When it comes to predator hunting, there’s no better time to get the call out and make a stand than when the sun is up, right? No? Maybe you’re the one who counts down the seconds until that sun sets and darkness fills all of the prime real estate that you’re going to be unleashing a flurry of distress and vocals until that sun makes its grand appearance again. Honestly, I don’t think there’s a right or wrong time to be out hunting coyotes…and here’s why!
Day Hunting Predators
If you are a person who loves to hunt the daylight hours, then you have a couple of advantages over those whom prefer total darkness. Granted, they can be offset…but as with most things, that comes at a price (Literally…$$). When you have the presence of sunlight, you don’t have to worry about your eyes trying to maintain a certain level of night vision, you can detect movement at a much greater distance with little to no movement on your part and your general awareness of your surroundings is increased. These small but significant differences are really the core of what makes a predator hunter tick and familiarity with one of the other is what gives each of us our preference.
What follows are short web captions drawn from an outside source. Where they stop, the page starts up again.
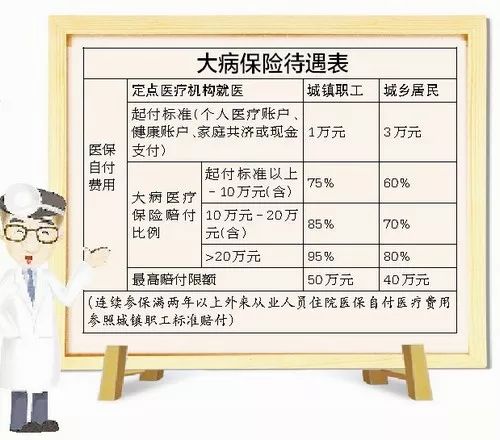 大病医疗能不能报工伤及工伤医保报销问题与大病工伤申请条件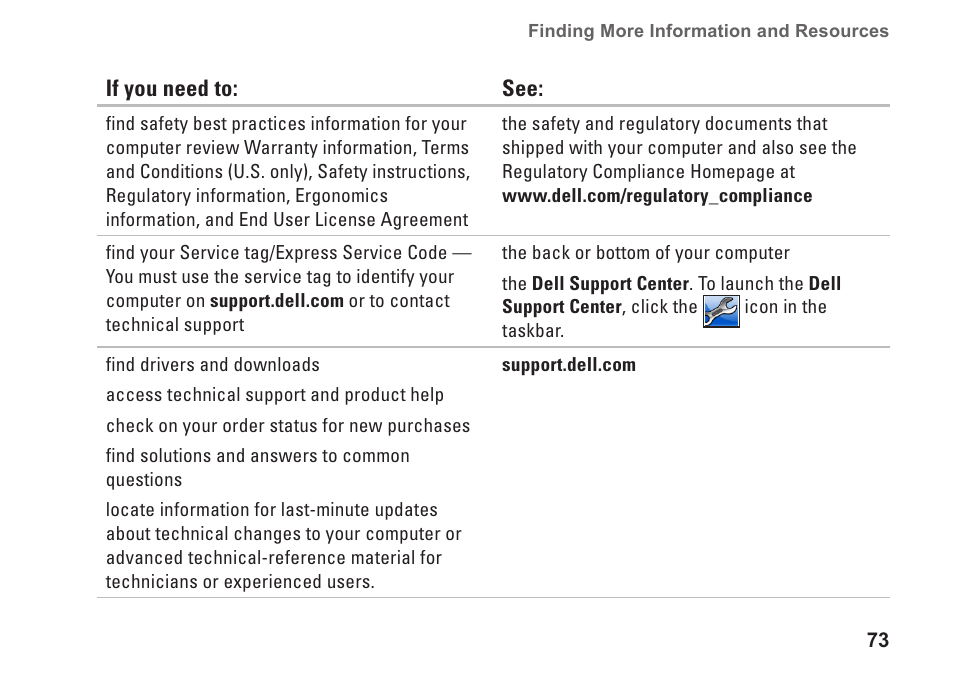 Dell Studio 1458 (Early 2010) User Manual | Page 75 / 94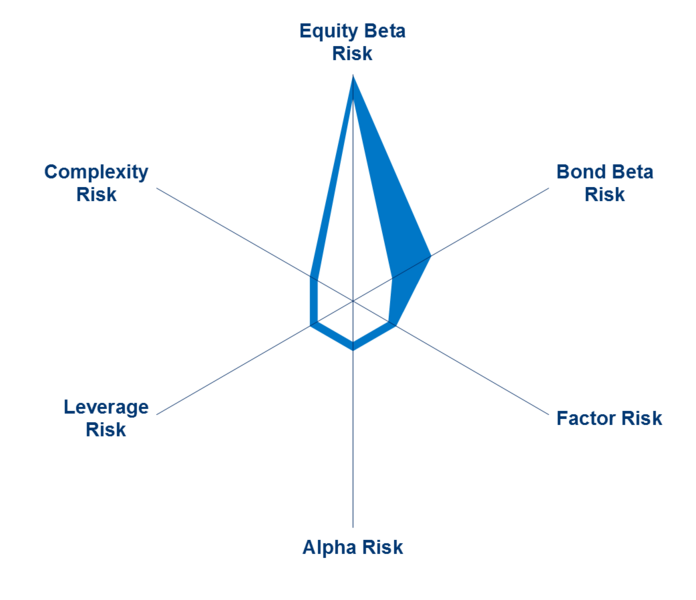 Assessing risk in multi-asset strategies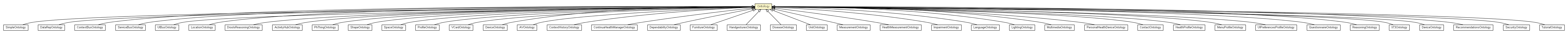 Package class diagram package Ontology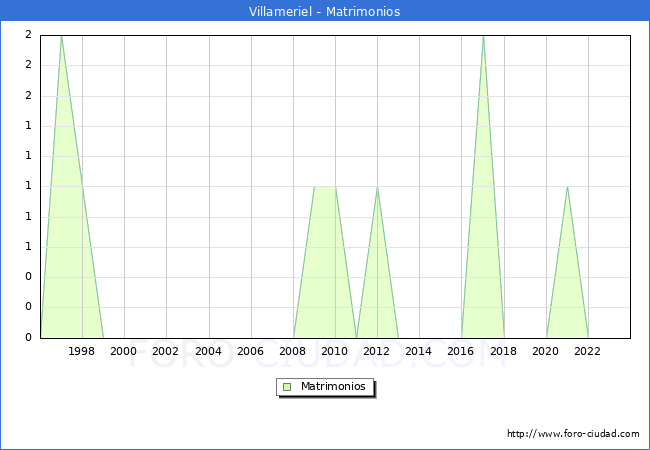 Numero de Matrimonios en el municipio de Villameriel desde 1996 hasta el 2023 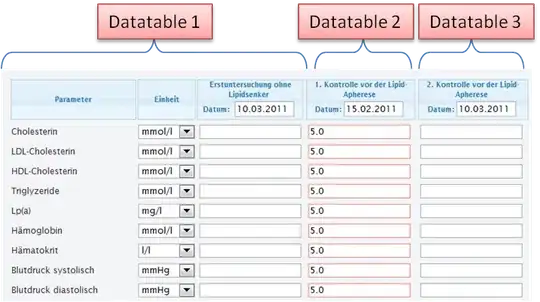 synthesized Image without any noise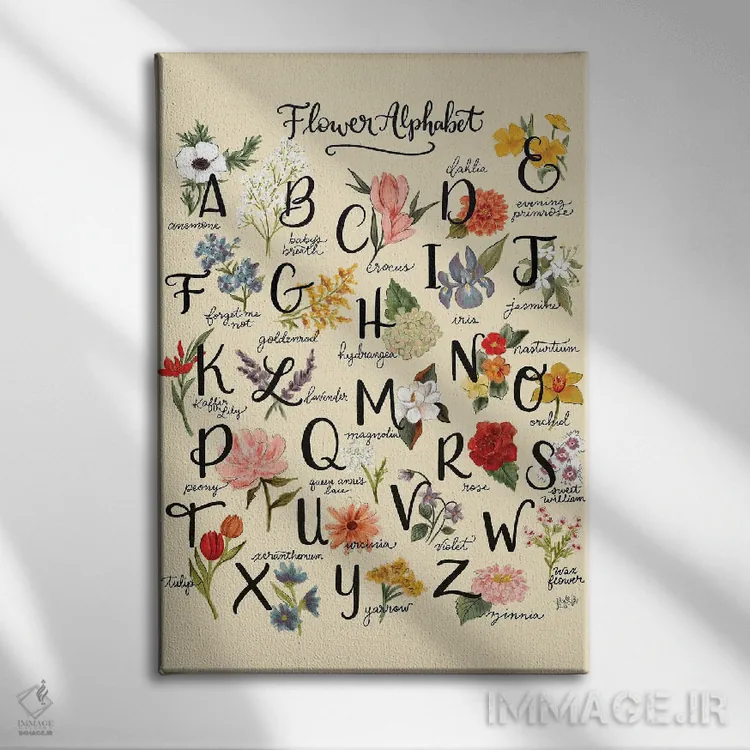 تابلو دکوراتیو الفبای گلی اثر لیلی و ول - نمای روبهرو روی دیوار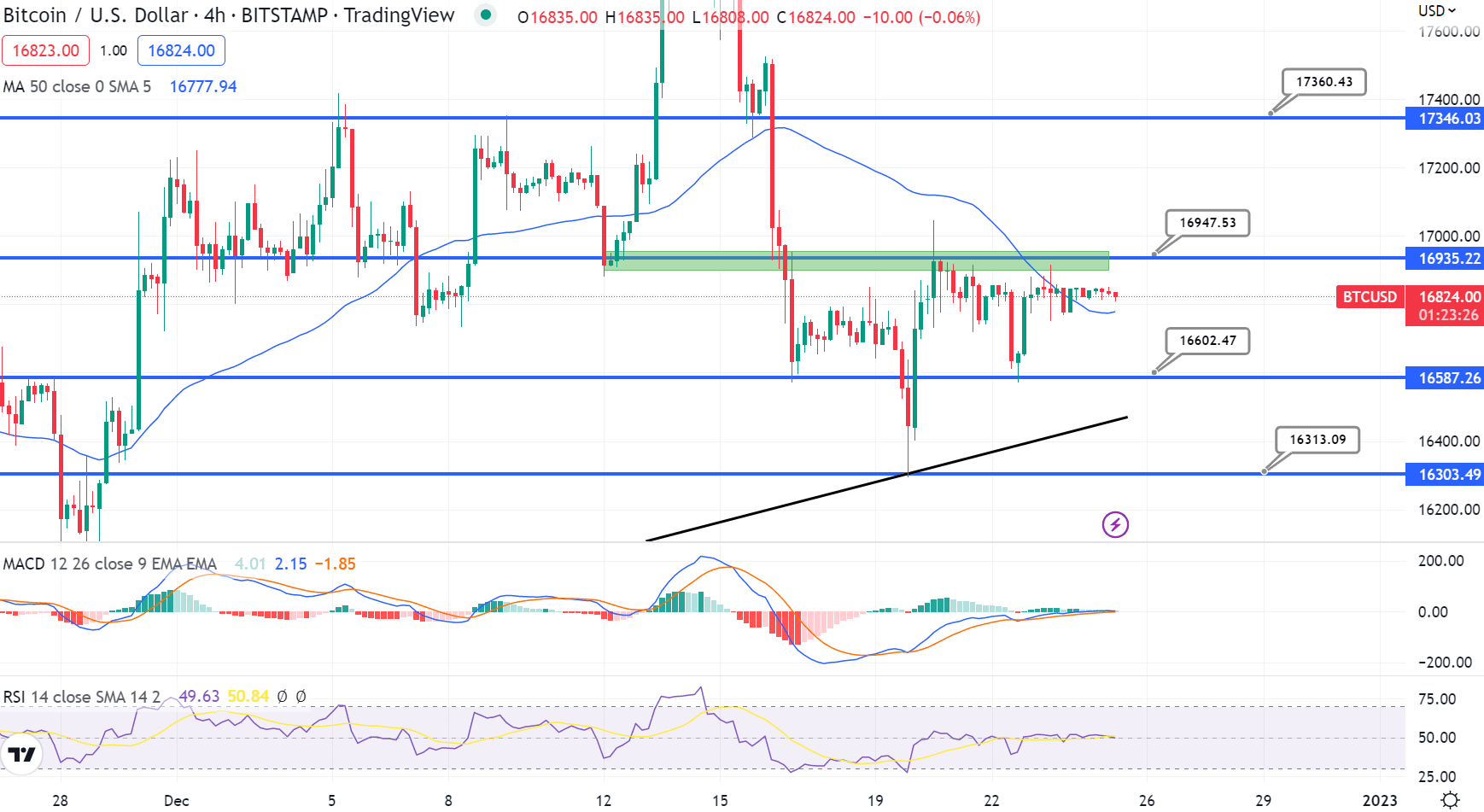 btc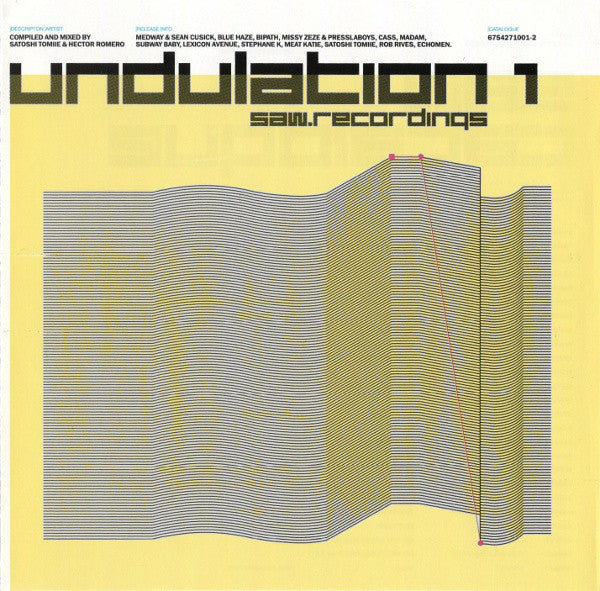Satoshi Tomiie & Hector Romero : Undulation 1 (CD, Comp, Mixed)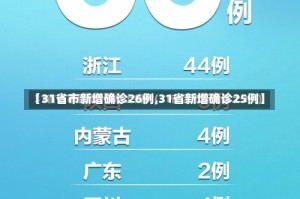 【31省市新增确诊26例,31省新增确诊25例】
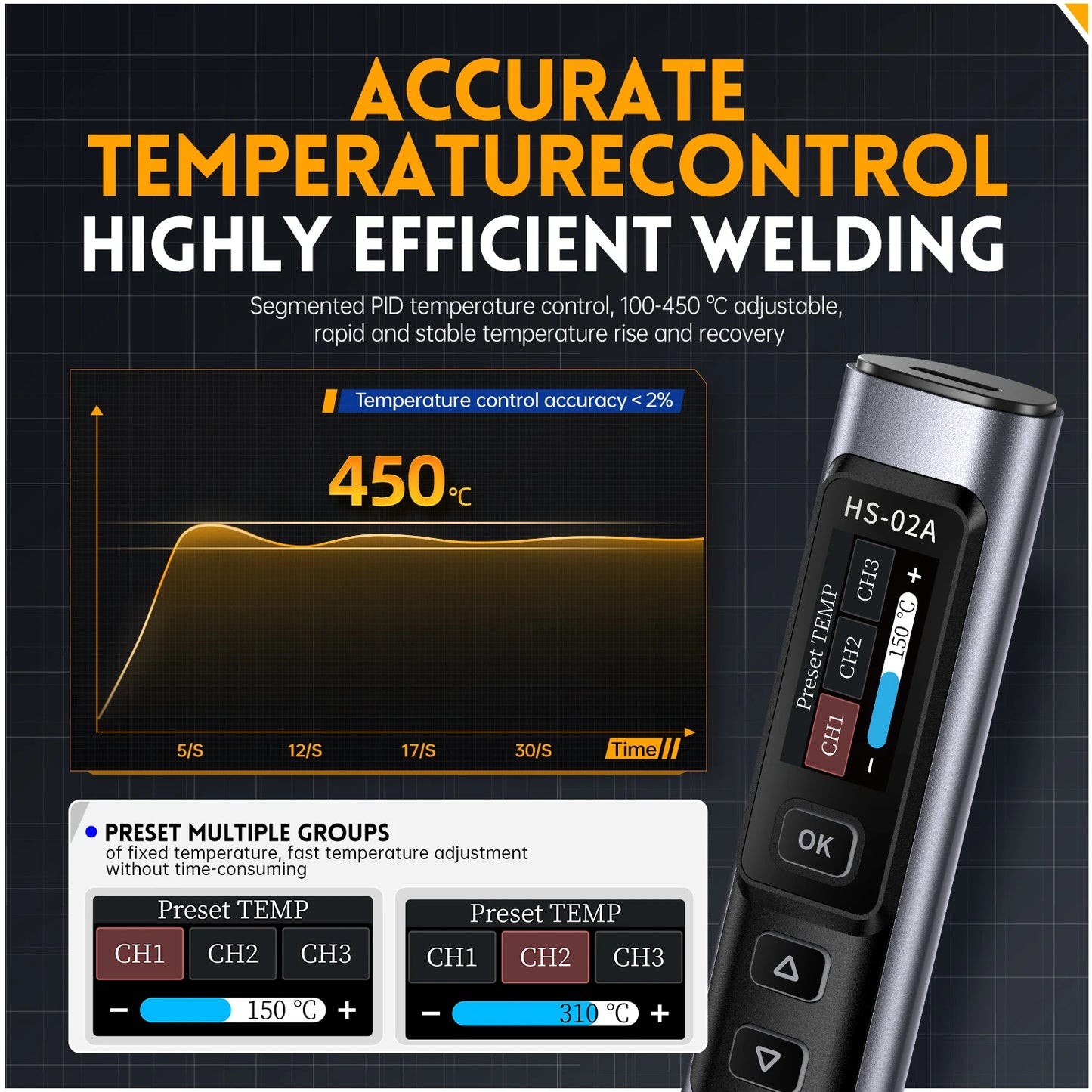 FNIRSI HS-02 Portable Soldering Iron — 100W PD, Adjustable 100-450°C Temperature & Fast Heating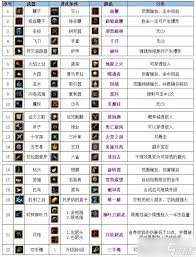 吸血鬼幸存者1.13版本武器怎么合成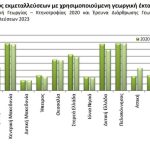 Έρευνα ΕΛΣΤΑΤ για γεωργία – κτηνοτροφία: η διάρθρωση του πρωτογενούς τομέα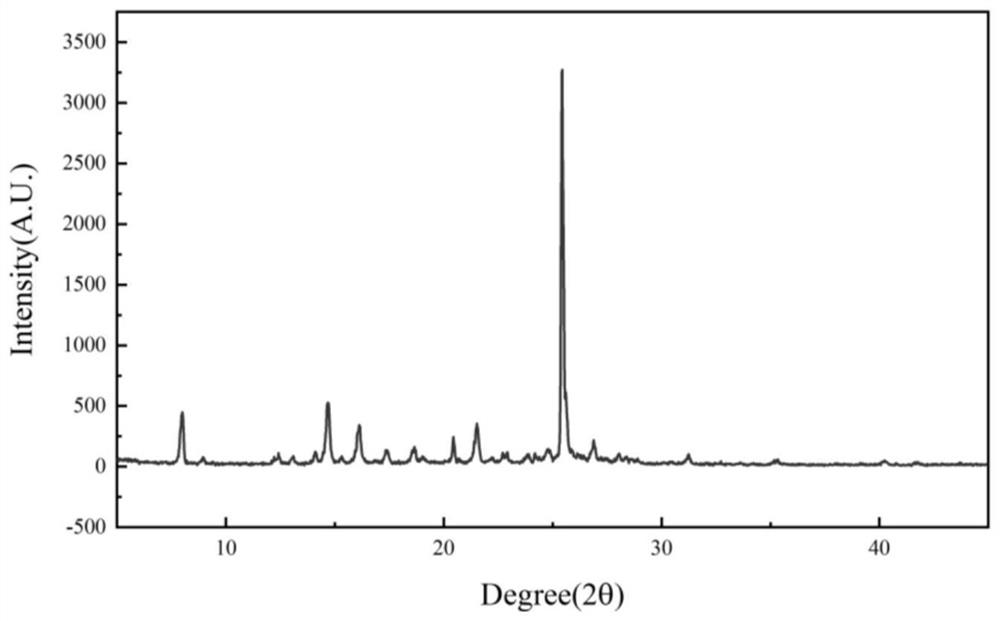 3, 4-dimethoxybenzaldehyde-N-methyl-2-methylquinoline-p-toluenesulfonate and preparation method thereof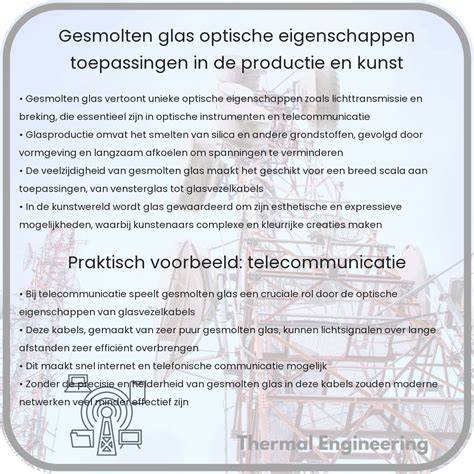 Infographic: Pir-plaat productie en toepassingen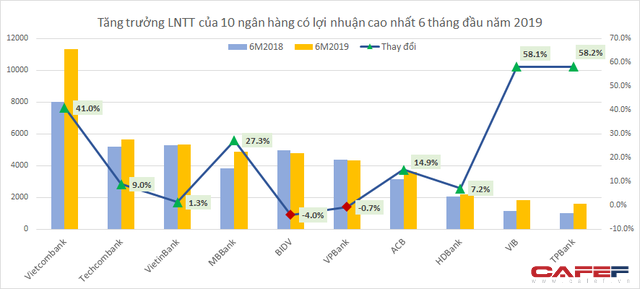 tang-truong-loi-nhuan-top-10-15645558695041263594370-1564555888994315782167.png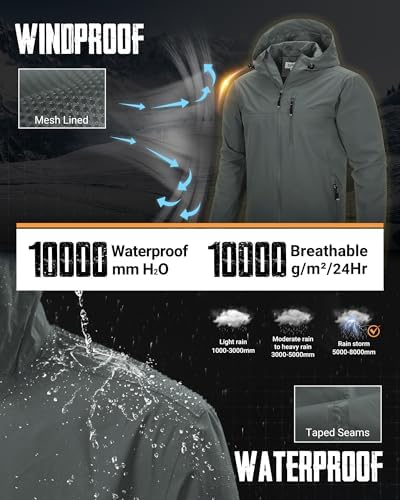 33,000ft Men's Packable Rain Jacket Waterproof Raincoat with Hood - Image 3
So, as I said, with the sun gracing your presence and shining its light over everything the eye can see from the hunters’ perspective, it’s also shining its light for that wary coyote as well. Coyotes feel more comfortable sneaking around in the darkness of night, that’s no secret, but that doesn’t mean they are not just as active during the day…after all, they have to eat right? Daytime is when your stand becomes critical! You have to factor everything in to each stand: Wind, Approach Direction, Where the coyotes hunt, where the coyotes lay/sleep, where the sun is at in the sky and if it’s going to affect you depending upon which direction you’re going to be sitting and most importantly…concealment. Daylight brings a set of challenges that night time hunters just don’t have to worry about, but again, night hunters sacrifice more in terms of visibility.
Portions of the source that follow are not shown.